When we started working, my son used to sleep 2+1+2 hours during the day. That means I had 5 hours to work on my theatre projects (and back then I was complaining about that! How I wish I had those 5 hours now)! Even when he was not sleeping, it was easy to push him in the pram or cuddle him gently so that I could continue with my meeting or writing. But now, he is a toddler, or should I say – a runner. He is running like crazy, throwing balls, climbing slides, pushing and jumping. He needs active  attention every single second. Have I mentioned he sleeps 1 and a half hours per day? Yes, what perfect working hours!

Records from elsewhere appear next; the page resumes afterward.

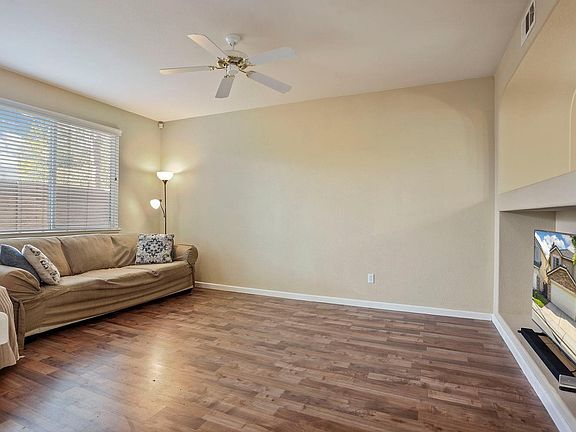 5th image of 3337 English Oak Cir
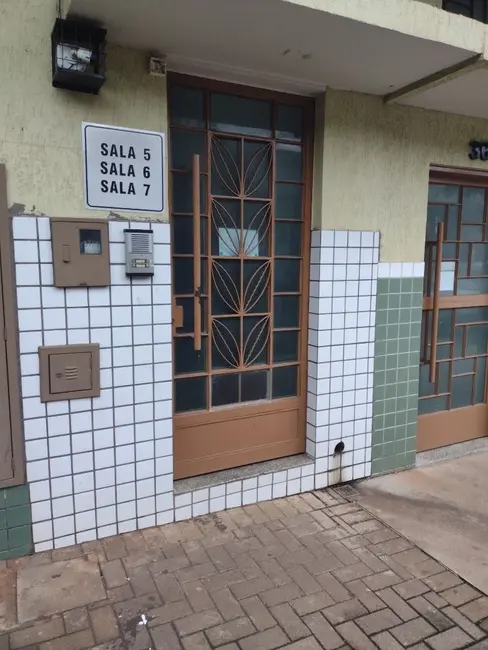Foto 2 de Sala Comercial para alugar, 60m2 em Zona 06, Maringa - PR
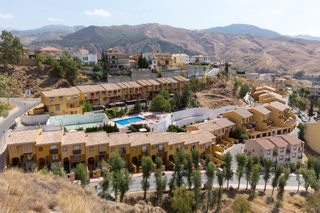 Casa adossada  Calle paz. Chalet adosado en exclusiva urbanización privada con piscina y p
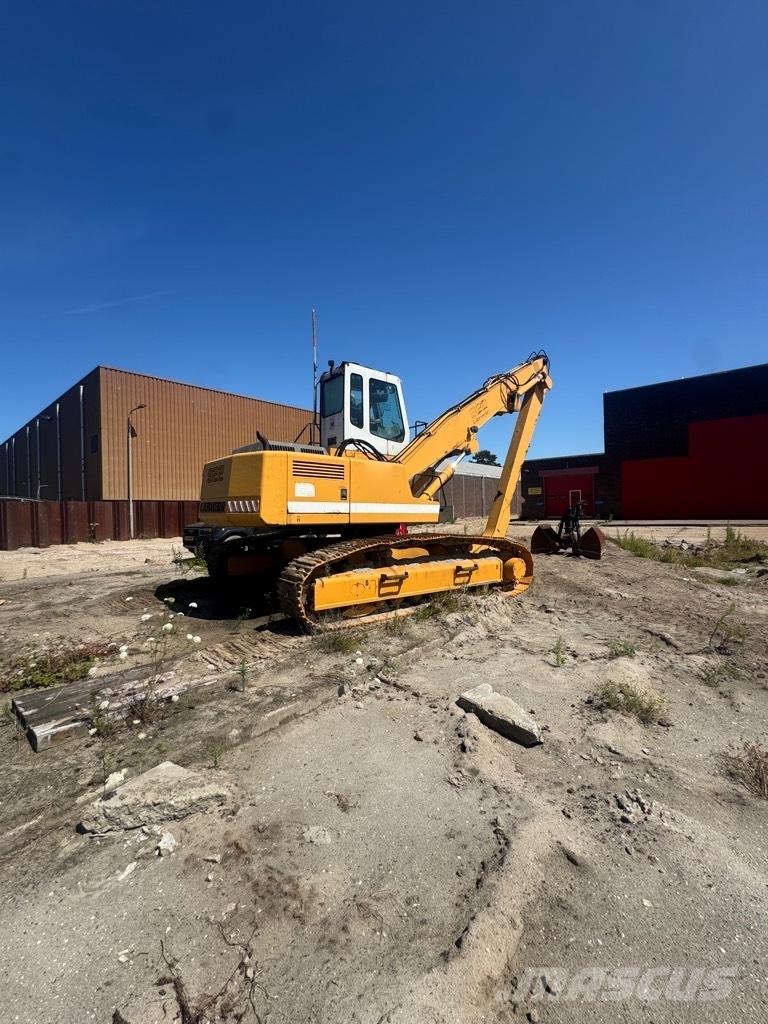 Liebherr 922 Atık taşıma araçları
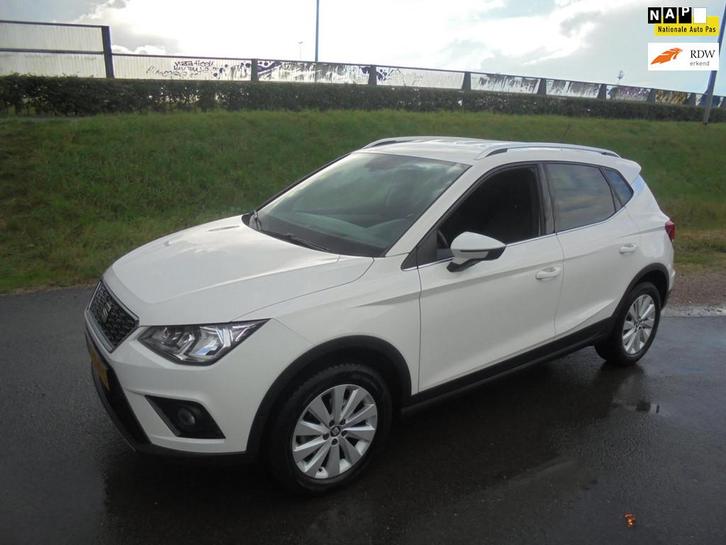 Seat Arona Seat Arona 1.0 TSI AUTOMAAT airco ecc lmv navigat, Auto's, Seat, Te koop, Arona, ABS, Achteruitrijcamera, Adaptive Cruise Control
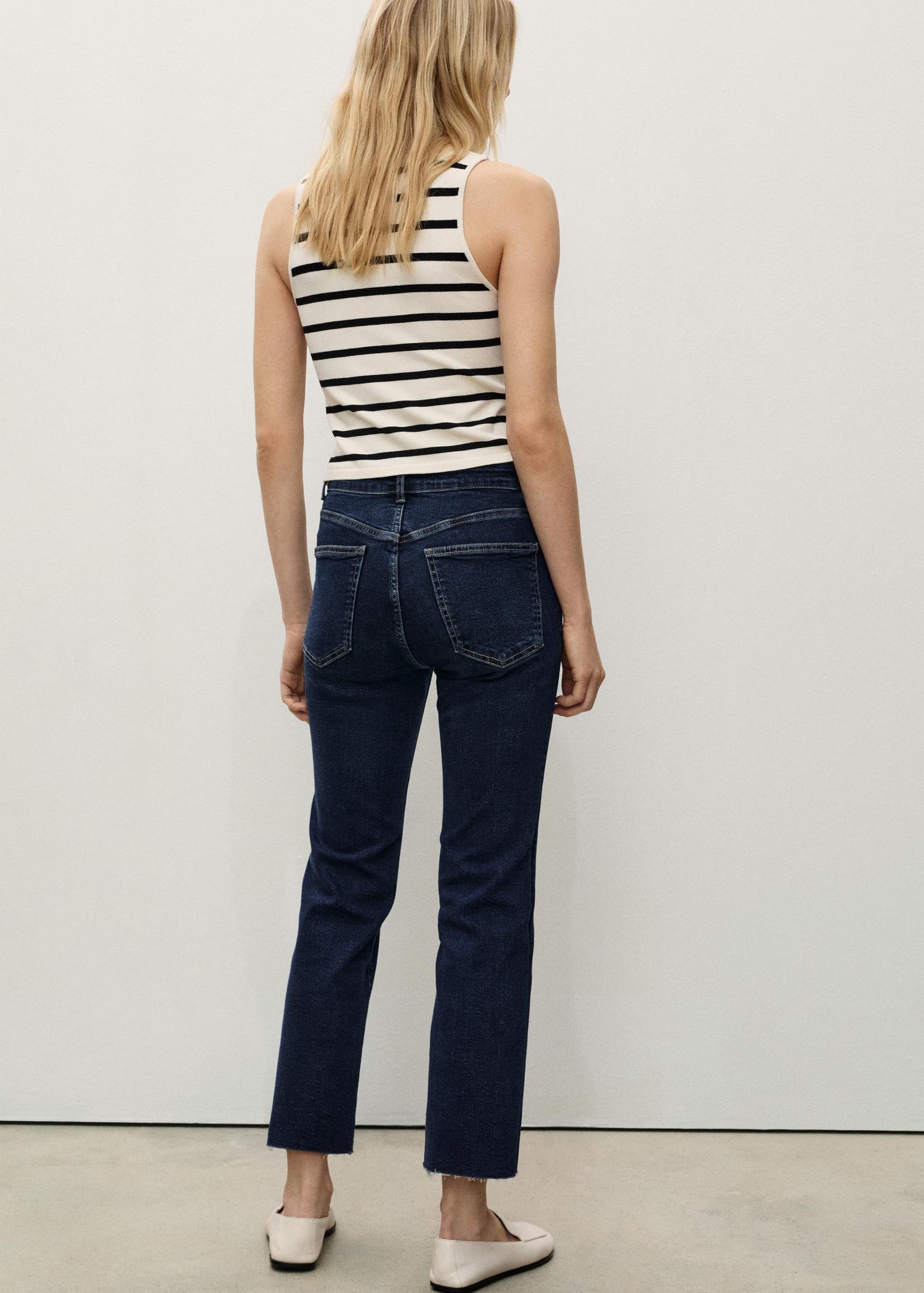 Sienna flared cropped jeans - Women | MANGO USA Product Image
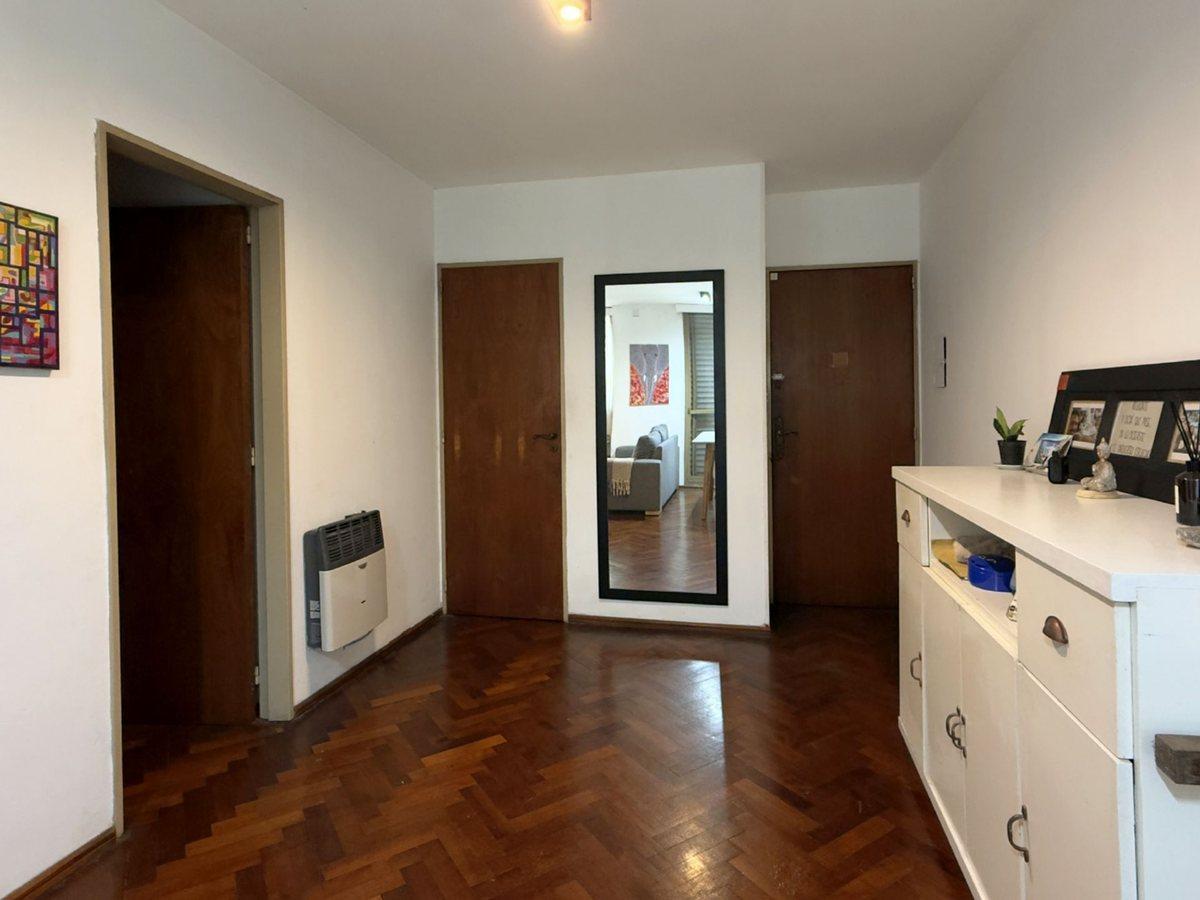 Foto de DEPARTAMENTO EN VENTA 2 DORMITORIOS CENTRO COCHERA, imagen 5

So, I start working in the evening, when he finally goes to sleep, but I am too tired from all the running, climbing, throwing balls, sliding after him. Once again, I ask myself – how will I manage it? Are there some tricks to occupy him whilst Tina and I are rehearsing/writing grant applications/responding to emails, or when I am writing a play? How can I be creative while playing with him at the same time? Can he be a part of the creative process? What can his presence in the rehearsal room bring at this stage? As we are planning the tour of Wonderwoman, I guess the answers will soon become apparent.

Motherhood brought a lot: I am more focused, I appreciate my time more, I am better at multitasking and patience, but let’s just talk about creativity. How did my creativity change? I see my son as a world-explorer. He is so amazed by little things. Everything is new to him. Maybe that is the best thing about having a baby – being reminded how wonderful the world is, and how inspiring it can be. That kind of fresh viewpoint is so important for theatre, and for working in the arts. Just seeing things in a different way. Did you know that tomatoes are slower than balls (when you roll them), that water makes a sound if you blow in it, that mud and ice make wonderful cakes, and that it is really hard to catch ants? Do you see ideas for a theatre play here? I do!

During the day, while running after him, my brain works like crazy – I am just getting ideas for creative projects, for theatre plays, stories, workshops… my son is a muse for my creativity.

I only wish I had time to write it all down.